**Work instruction**
As written and without pictures, set down the lines from the one that contains "Collana Donna Mabina" through the end of the data.

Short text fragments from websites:
▽
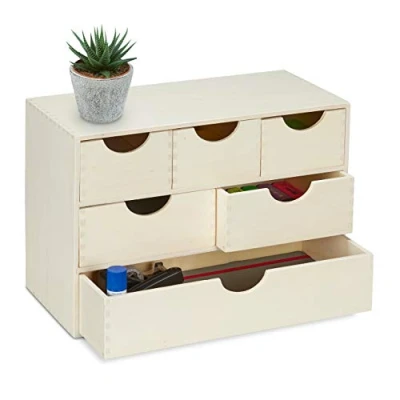 Afbeelding van Relaxdays Miniladekast hout ladekastje klein kastje op bureau organizer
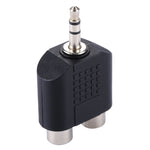 RCA 母頭轉 3.5mm 公頭音頻 Y 型轉接器，2 個 RCA 母頭轉 3.5mm，2 個 RCA(AV) 母頭轉 3.5mm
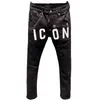 Jeans masculinos europeus e americanos Pure Black Printed Cotton Bullets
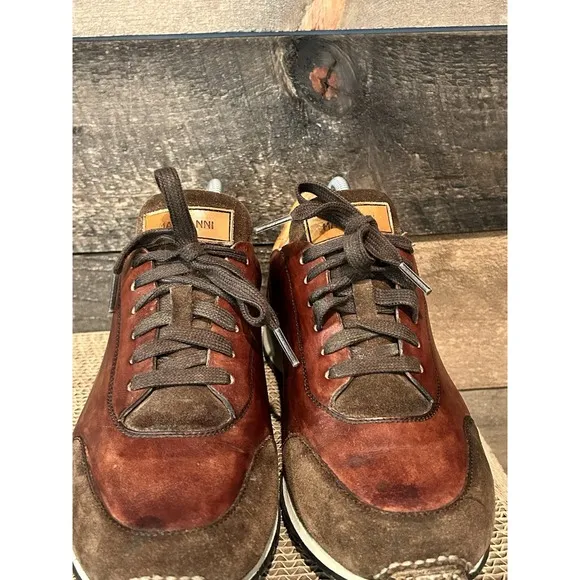 Magnanni Brown Suede &amp; Leather Lace Up Dress Sneakers Size 12/41 Men 19154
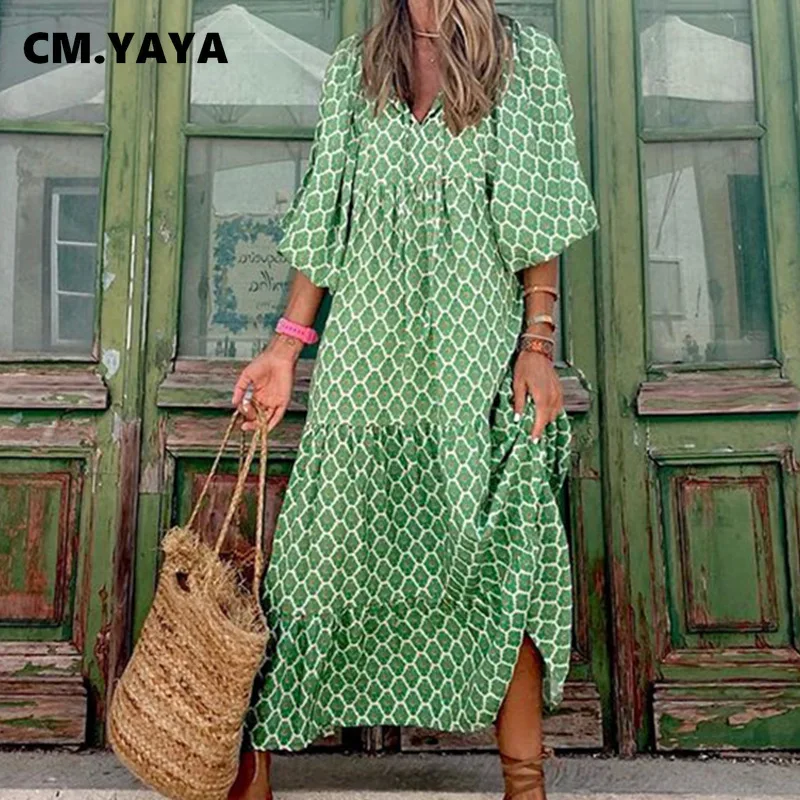 Women Long Dress Print Half Sleeve V-neck Loose Maxi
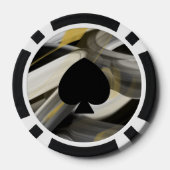 Poker Chip Trend Abstrakte Art Schwarz-weiß (Rückseite)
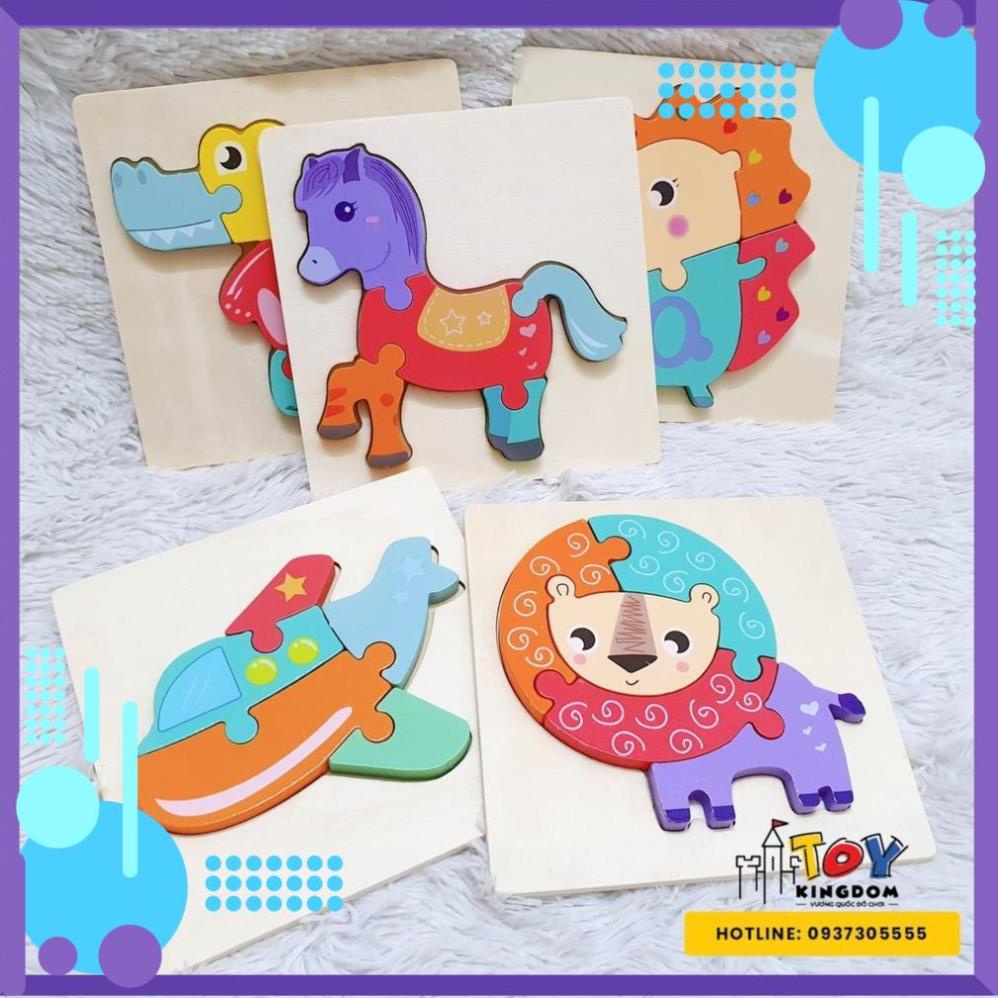 Bộ Xếp Hình 3D Bằng Gỗ Theo Chủ Đề - Giúp Bé Nhận Biết Con Vật, Phương Tiện, Màu Sắc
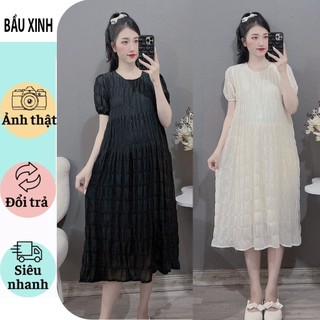 ĐẦM BẦU MÙA HÈ SIỀU MỀM MÁT V719 - ĐẦM BẦU THIẾT KẾ TƠ NHĂN 2 LỚP SANG CHẢNH DÁNG TIỂU THƯ MỀM MẠI MẶC ĐI LÀM ĐI CHƠI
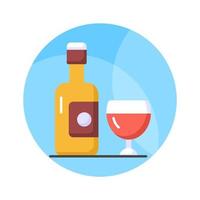 ein klassisch Wein Flasche und Glas Symbol, Darstellen Entspannung, Raffinesse, und Geselligkeit Über ein Glas von Wein vektor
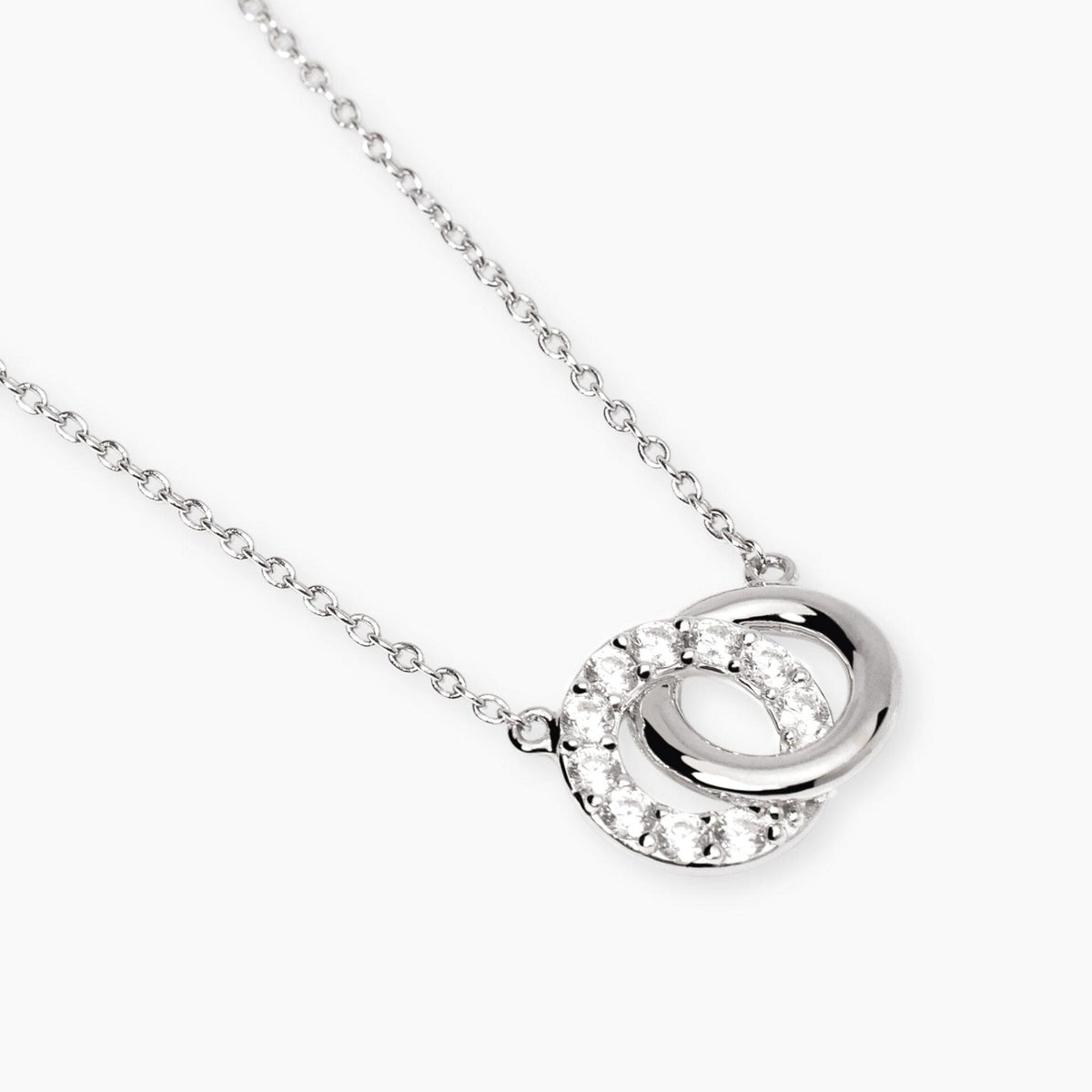 Collana Donna Mabina Doppio Cerchio in Argento con Zirconi
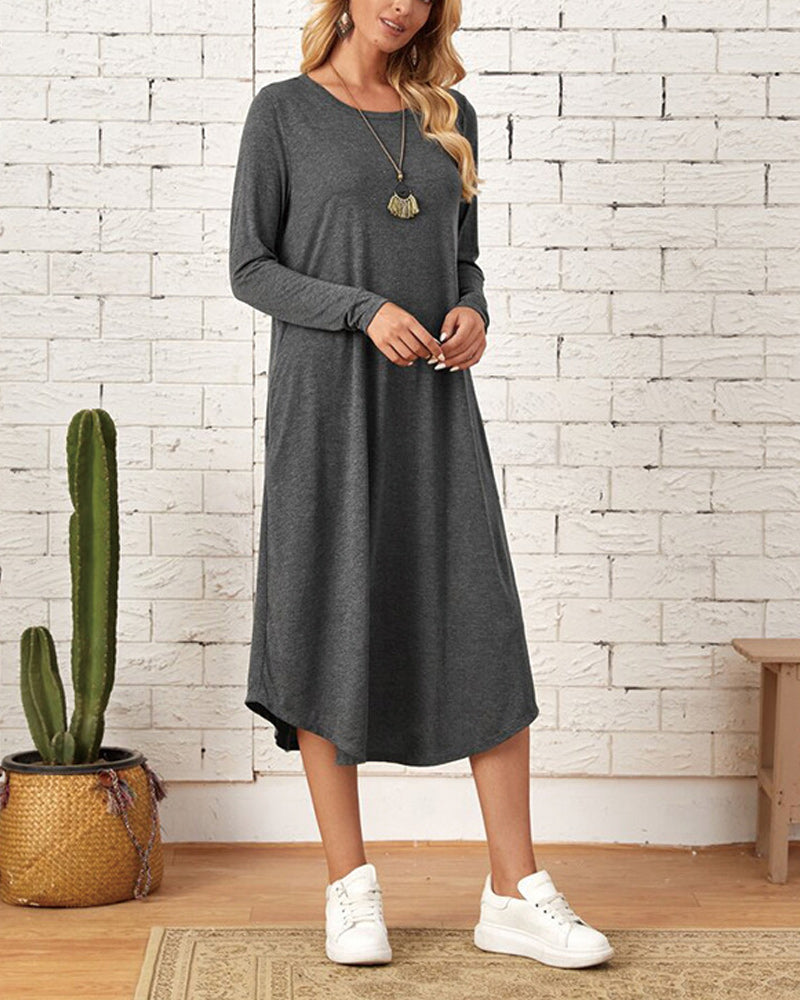 Relaxed Fit Floral Midi Dress for Women with Pockets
△
**Output of the exercise**
 Collana Donna Mabina Doppio Cerchio in Argento con Zirconi
 Relaxed Fit Floral Midi Dress for Women with Pockets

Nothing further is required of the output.